Detachment is always imposed either by ourselves or by an authoritarian figure. Being detached from something creates a void in the heart and mind where it used to stay. This void is like a vacuum that must be filled with something else that will come and occupy that space. Of course, we may choose to put ourselves in that void. We become filled by us. We do not need to, and we don’t look beyond us. We become our own constant companion. So detachment itself needs a companion because self-sufficiency is nothing but a suppression of wants.
So what is loneliness? Why do we feel lonely?

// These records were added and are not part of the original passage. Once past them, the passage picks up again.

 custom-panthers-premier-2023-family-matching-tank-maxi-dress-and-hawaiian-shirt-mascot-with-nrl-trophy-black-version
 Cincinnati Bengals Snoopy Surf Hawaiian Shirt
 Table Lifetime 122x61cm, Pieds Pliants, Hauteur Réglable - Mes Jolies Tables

We feel lonely because we realize we alone (however great we may be at self-sufficiency, sacrifice, and independence) cannot make ourselves complete. We may have great qualities, but they fall short of making us feel complete. Hence, the want has surfaced beyond all the suppression, and the heart is looking for a companion again. We need to identify all those things which we lack and focus on balancing them out. This will move us closer to feeling complete; it will instil a sense of achievement in us. We will reduce the dependency on seeking it outside our boundaries. The loneliness shall reduce but not disappear. At least, not that quickly.

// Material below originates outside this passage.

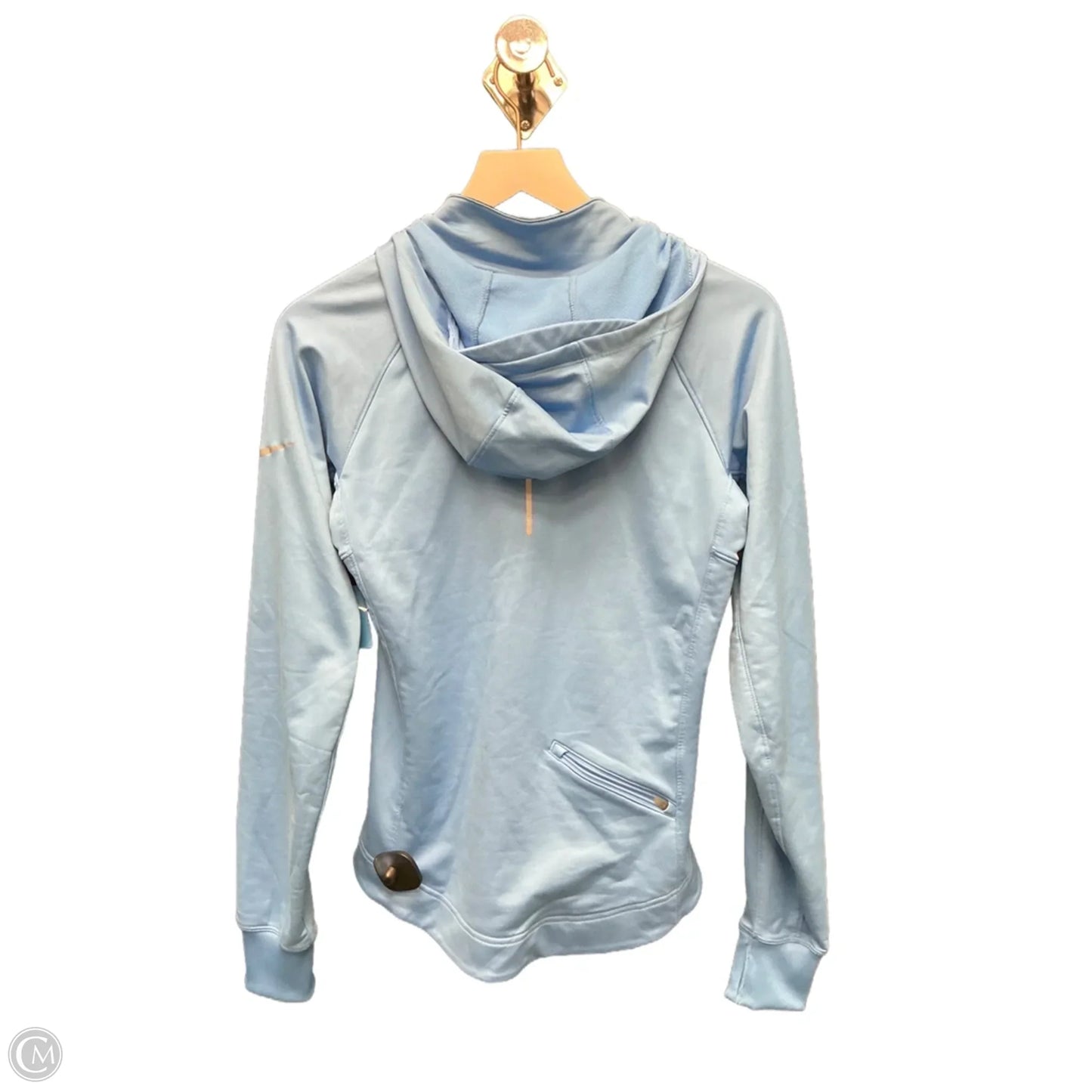 Athletic Top Long Sleeve Hoodie By Nike Apparel In Blue, Size: S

We are adequate in so many ways, but our work in the spiritual space needs to be balanced by something or someone in the physical space. Someone who will make us feel complete. Someone who can believe in our work and offer us balance. That is why we feel lonely. Bigger things are planned for us, but we must meet them after we achieve success in spirituality. Until then, we must learn to control our minds and look inside it for the answer. We don’t need to worry. Everything takes time. This life is a test of patience.

 

寂寞

有多寂寞都是人為的:我們所感覺的,比實際上要深刻得多。
寂寞是抽離的。為什麼我們知道自己能不假外求時,還想有人陪伴?
不假外求的感覺,源於慾望的抑制。人類天生慾望無窮。我們永遠不能放棄慾望,因為慾望的抑制本身亦是慾望。那麼我們為何不索性承認慾望存在,而非去抑壓它們不可?
承認和抑制有著差異。
承認是知道某樣東西存在,並接受它目前的狀態,也接納它可能未來會改變。我們還可應付相關的好或壞,因為已意識到這是整件事情的一部份。就像玫瑰再美也生有刺,我們知道美麗尖銳並存。它們顏色及用途或有不同,但他們共存,而我們接受了。

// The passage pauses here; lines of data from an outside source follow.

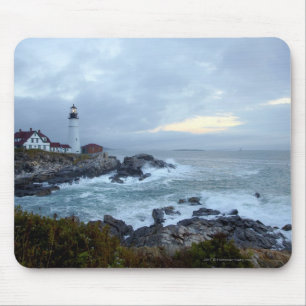 Portland Head Lighthouse at Sunrise Mouse Mat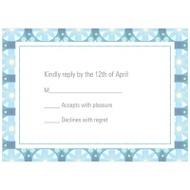 Custom Kaleidoscope Designs in Blue 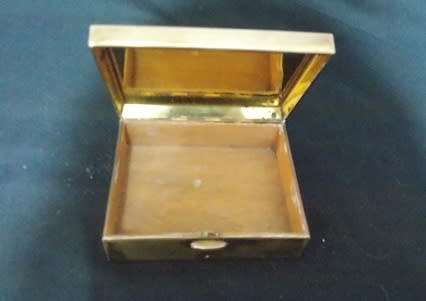 Beautiful Brass and Leather Ring Box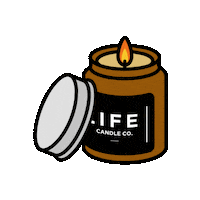 lifecandleco retro relax autumn self care Sticker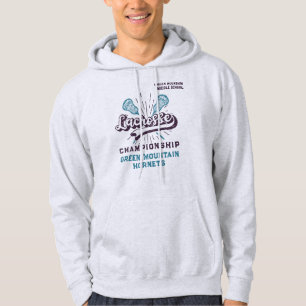 Custom Box Field Lacrosse Team Club Name Number Hoodie
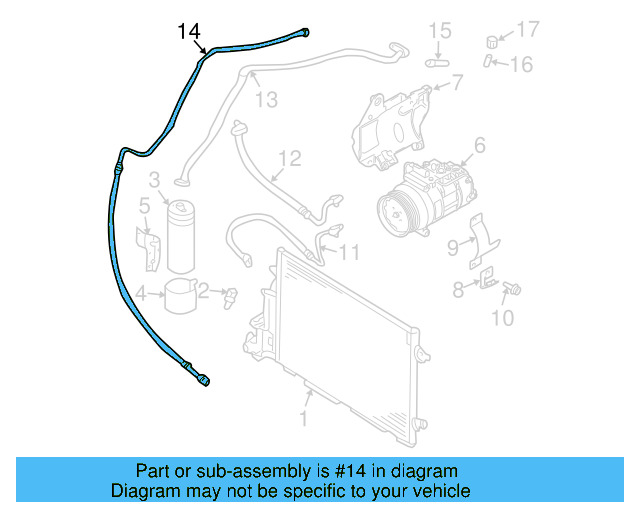 AC Hose 3B7-260-710-F - View 3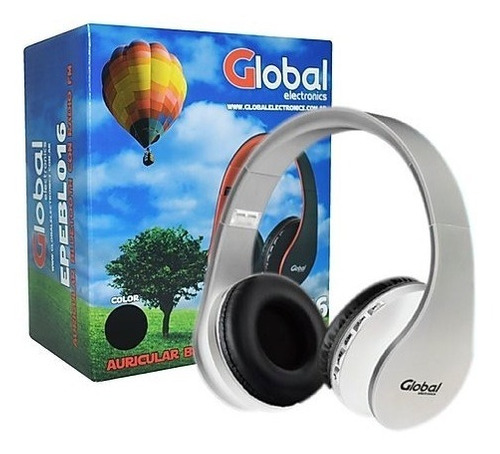 [EPEBL016W] Auriculares Bluetooth Inalambrico Plegable con Microfono y Radio FM Blanco Global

然而,抑壓是不同的。抑制是故意選擇忽略某樣東西。禁食的人會有飢餓感,但他選擇無視身體的呼救。他限制身體必需品—即食物的攝取。同樣,通過抑壓慾望,我們選擇忽略真正想要的。我們犧牲。我們輸了。我們不讓心靈得到滿足。我們拒絕滋養它。這太可怕了。
通過抑壓以達致不假外求的想法是錯誤、無益,並且適得其反。但是,若這份不假外求與共享、行善相連接;它就有正面含意。比方說,我們已滿足於擁有兩件外套,需要多一件外套。但有人送了一件給我們。 當然,我們可以選擇收下。但若我們無此需要,我們可以選擇將外套其中一件送給有需要的人,例如在街頭乞討的老人。這種源於不假外求的犧牲和分擔,是不錯的。這讓我們感覺更好。我們的杯子滿溢了,也有能力去享受它。
分離始終是由自己或權威人物強加於自己身上。與某樣東西分離,在心靈及腦海裡以前的位置留下了空虛。這空虛需要其他東西填補。當然,我們可以選擇把自己放這空虛裡面。我們就這樣如此填補了自己。我們並不需要,亦不用依靠他人。我們成為自己的終身伴侶。因此,分離本身需要伴侶,而所謂的不假外求,不過是慾望的抑壓。
那什麼是孤獨?我們為什麼覺得孤獨?
大家感到孤獨,因為明白孤身一人(不管如何不假外求、犧牲和獨立),總不能令自己完整。我們或具備上述可貴特質,但永不會感到完整。因此,慾望衝破了一切的抑制,而內心要再另找伴侶了。我們需要找出全部所缺乏的,著力平衡這些欠缺。這將會令我們感到更完整;及灌輸成就感。自身極限之外尋求成就感的依賴會減輕。寂寞會減退,但不會消失。至少,不那麼快。
我們在很多方面己滿足,但大家於心靈層面的工作,需要由現實中的某人或某物以平衡。一位令我們感到完整的人。一個相信我們所做的,並提供平衡的人。這正是我們為什麼覺得寂寞。更大的事情正為我們計劃中,但要先獲得心靈上的豐盛,才需我們去面對它們。在此之前,必須學會制約自己的思想,並從中尋找答案。我們不需擔心。一切都需要時間。這一世乃是耐性的考驗。